Mediators will help you identify the issues you can’t agree on and help you to try and reach agreement.

Mediators are impartial and will not take sides. They will usually recommend that you obtain legal advice alongside the mediation process.

How does mediation work?

Mediation is a voluntary process. Mediators listen to you to help you make choices and decisions about the best way forward.
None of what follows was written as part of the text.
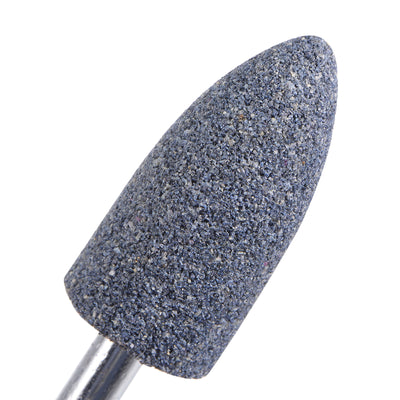 Harfington Uxcell 5pcs Abrasive Mounted Stone 1/4" Shank 0.8" Dia Conical Corundum Grinding Head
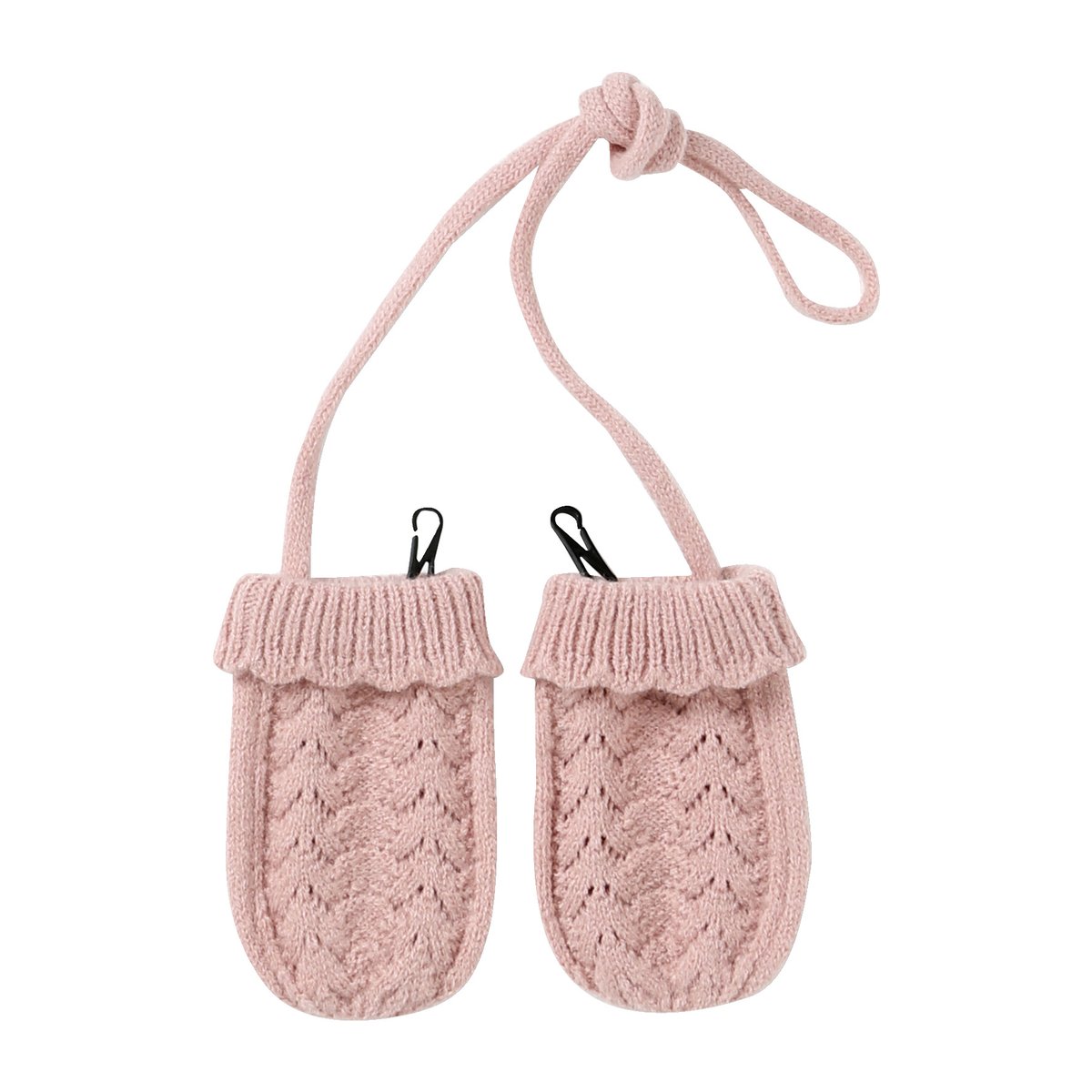Ensemble bonnet, snood et moufles rose poudré, VERTBAUDET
You will probably have a number of sessions with the mediator (usually 3-5 one to two hour sessions).

You may contact the mediator directly or your solicitor may refer you.

The MIAM (Mediation Information and Assessment Meeting)

Although mediation is a voluntary process, since April 2011 it has been a requirement that anyone wanting to make an application to the Court should attend an initial meeting (called a MIAM) with a mediator to find out about mediation and other non-Court options.

If you decide not to mediate, the mediator will sign a certificate to attach to your application to the Court as evidence that mediation has been considered.

If you decide mediation may assist you in reaching a resolution, further meetings will be scheduled.

Between meetings, you may wish to consult with your solicitor.

If you are able to reach a resolution, the mediator will prepare a summary of that agreement and a summary of financial information which will be sent to each of you to discuss with your solicitors.  The summary can then be converted into a Court order for approval by a District Judge.